Table 2 Repeated measures ANOVA post-hoc t-tests on resting-state BOLD SD

Potential masking factors

A range of masking factors could have potentially influenced our observation. Yet, the main effect of ToD on BOLD SD in the visual cortex remained significant after accounting for potential confounders, including heart rate, breathing rate, body temperature, subjective sleepiness, and the amplitude and variance of head motion parameters, as well as the number of outliers in head motion parameters in a linear mixed model (main effect of ToD F(5, 34.029) = 4.177, P = 0.005, type III F-test, n = 14).

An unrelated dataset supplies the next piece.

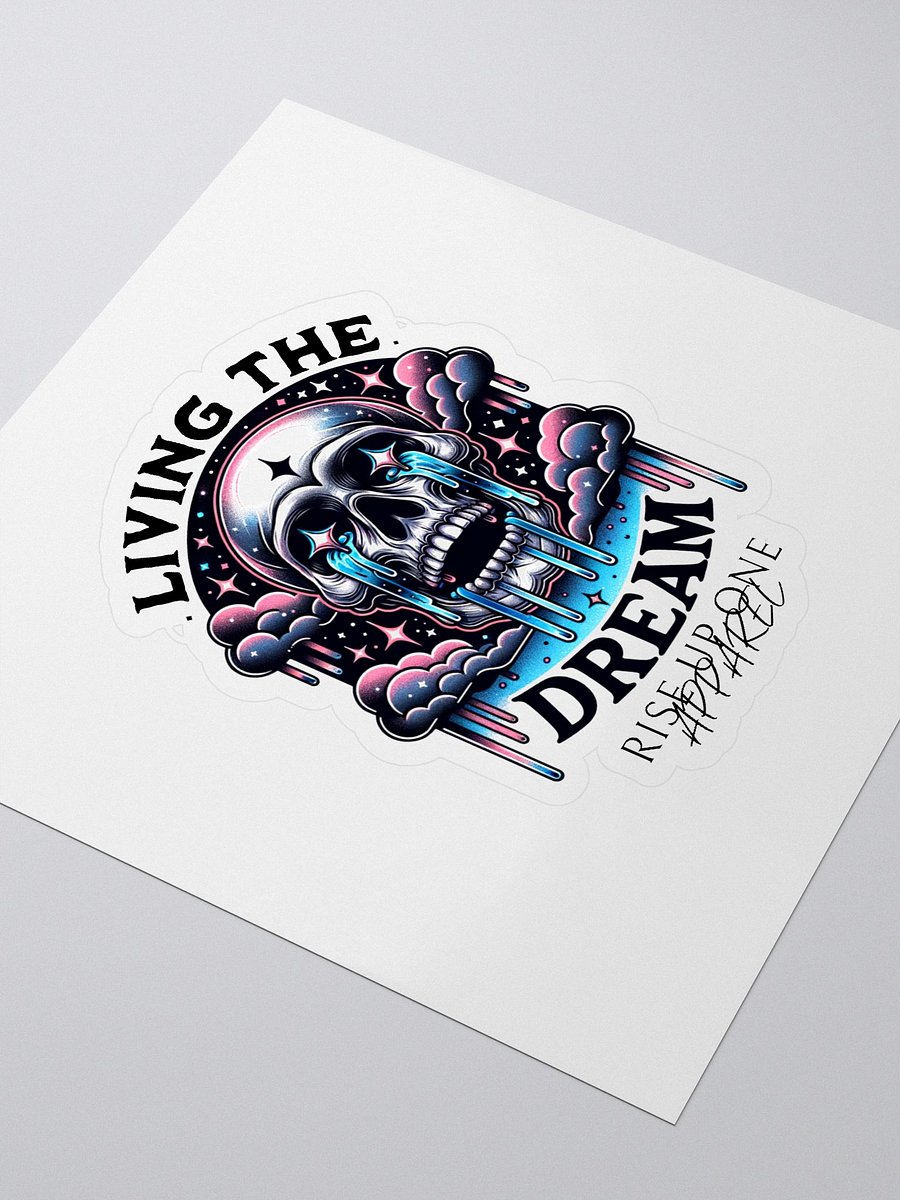 Living The Dream Sticker product image (3)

This model also included chronotype, sleep pressure, sleep debt, and scanning days to investigate effects of interindividual differences (see section Circadian and homeostatic factors) and habituation on resting-state BOLD SD. The repetitive measurements on two subsequent scanning days did not introduce habituation effects, because ToD remained significant when accounting for scanning days in the model and there was no significant interaction between ToD and scanning day (F(5, 41.829) = 0.871, P = 0.509, type III F-test, n = 14).


Because the main effect of ToD in BOLD SD remained significant when adjusting for subjective sleepiness, it is likely that the ToD-dependent modulation is not explained by vigilance states. We additionally investigated whether an objective marker of EEG-documented vigilance changes18,19 showed comparable ToD-effects. We tested the main effect of ToD in resting-state thalamo-cortical connectivity using correlation maps of thalamic BOLD time series with all other brain voxels. This parameter was not affected by ToD (whole-brain repeated measures ANOVA, cluster size k = 3, P > 0.999, FWE cluster correction, n = 14) suggesting that both subjective and objective measures of vigilance states do not explain the diurnal modulation in resting-state BOLD SD in the sensory cortices. To ascertain that this negative finding did not result from insufficient statistical power, we performed a bootstrap analysis using a published dataset in which vigilance changes have been investigated18, testing whether a group size of 14, as used in the present study, is sufficient to detect vigilance changes. Indeed, vigilance-related changes in thalamo-cortical connectivity can reliably (1–ß = 0.8) be detected in sample sizes as the one used in this study.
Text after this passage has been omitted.